Patterns of Successful Cassandra Data Modelling

For a business it is essential to invest resources into data modelling from the early stages of Cassandra projects; unlike operational settings that can be tuned, a Cassandra data model is very costly to fix.

Cassandra is growing in popularity due to its well-advertised strengths such as high performance, fault tolerance, resilience and scalability covered in a previous blog post by Guy Richardson. How well these strengths are realised in an application depends heavily on the quality of the underlying Cassandra data model.

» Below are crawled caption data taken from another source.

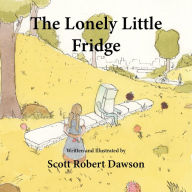 Title: The Lonely Little Fridge, Author: Scott Robert Dawson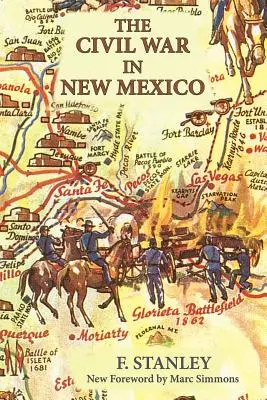 Občianska vojna v Novom Mexiku - The Civil War in New Mexico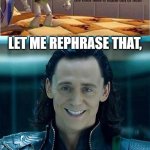 Buzz... | LET ME ASK YOU A QUESTION, WHAT IS THE FLOOR MADE OUT OF? LET ME REPHRASE THAT, WHAT 'MATERIAL' IS THE FLOOR MADE OUT OF? floor | image tagged in long blank white template,loki,hmm yes the floor here is made out of floor,dumb,memes,funny | made w/ Imgflip meme maker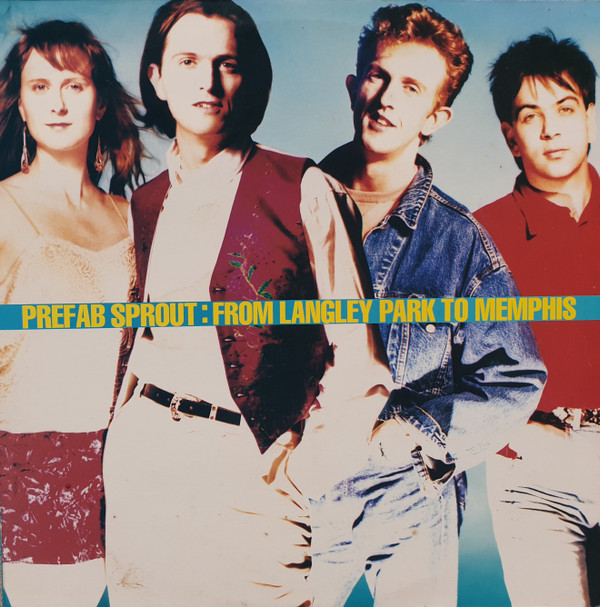 Prefab Sprout — From Langley Park to Memphis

The main rule for designing a good Cassandra data model is crafting it specifically to your business domain and application use cases.

Through years of experience with Cassandra engagements, we have identified a number of data modelling patterns and will cover some of them in this post. Their successful application requires a working knowledge of how Cassandra stores data. Without understanding the underlying architecture you risk making one of the common Cassandra mistakes covered in a separate post. Evaluating a seemingly valid and straightforward data model for potential pitfalls requires a level of expertise in Cassandra internals, the storage format in particular.

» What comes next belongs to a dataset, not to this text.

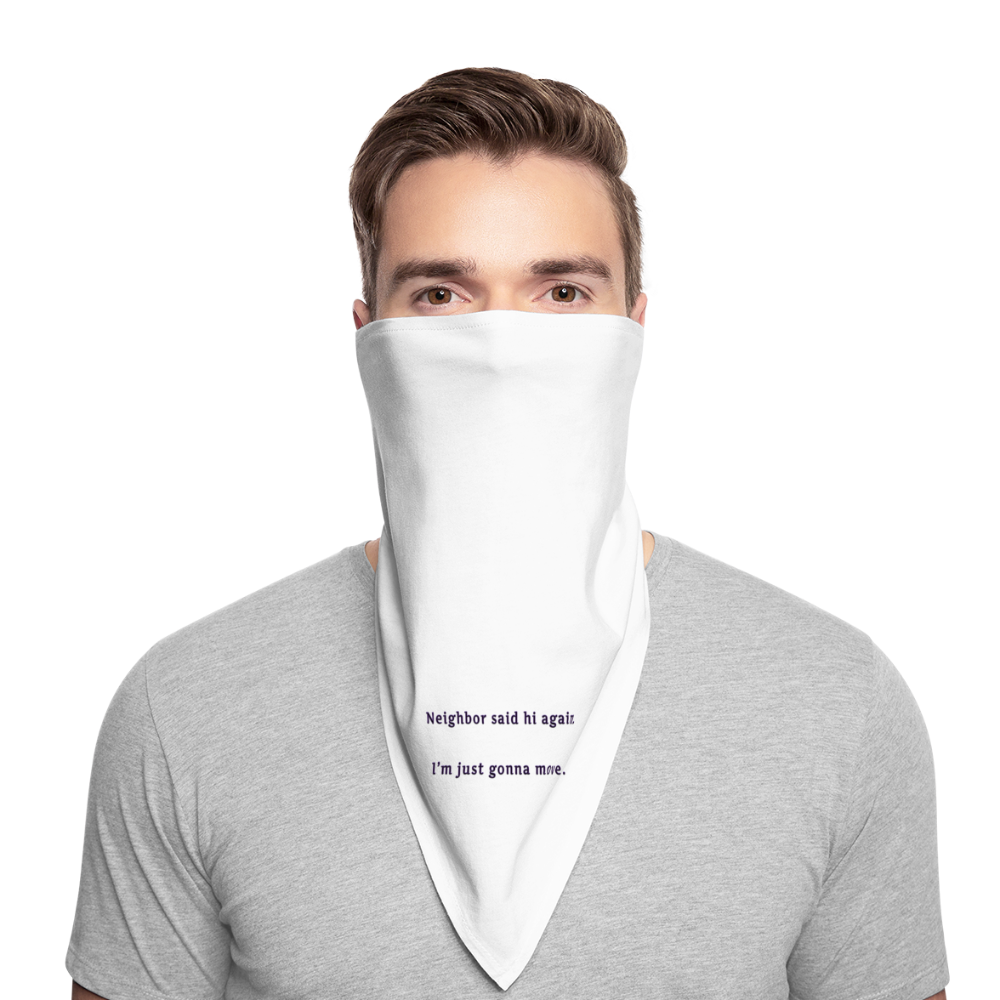 "Neighbor said hi again.  I'm just gonna move."- Bandana - white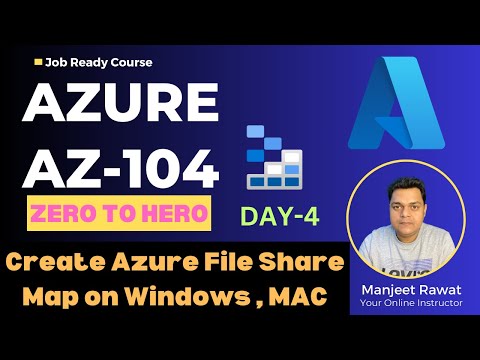 Azure AZ-104 Zero to Hero Playlist 2024 ! DAY-4 ! Create Azure File Share and Mac to Windows and MAC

The Simplicity and Complexity of Cassandra Storage

While Cassandra architecture is relatively simple, it fundamentally limits the ways in which you can query it for data. Cassandra is designed to be a high-performance database and discourages inefficient queries. Query efficiency is determined by the way Cassandra stores data; it makes the following query patterns inefficient or impossible:

fetching all data without identifying a subset by a partition key,
fetching data from multiple partitions,
joining distinct data sets,
searching by values,
filtering.

Cassandra expects applications to store the data in such a way that they can retrieve it efficiently. It is therefore up to the client to know the ways it will query Cassandra and design the data model accordingly upfront.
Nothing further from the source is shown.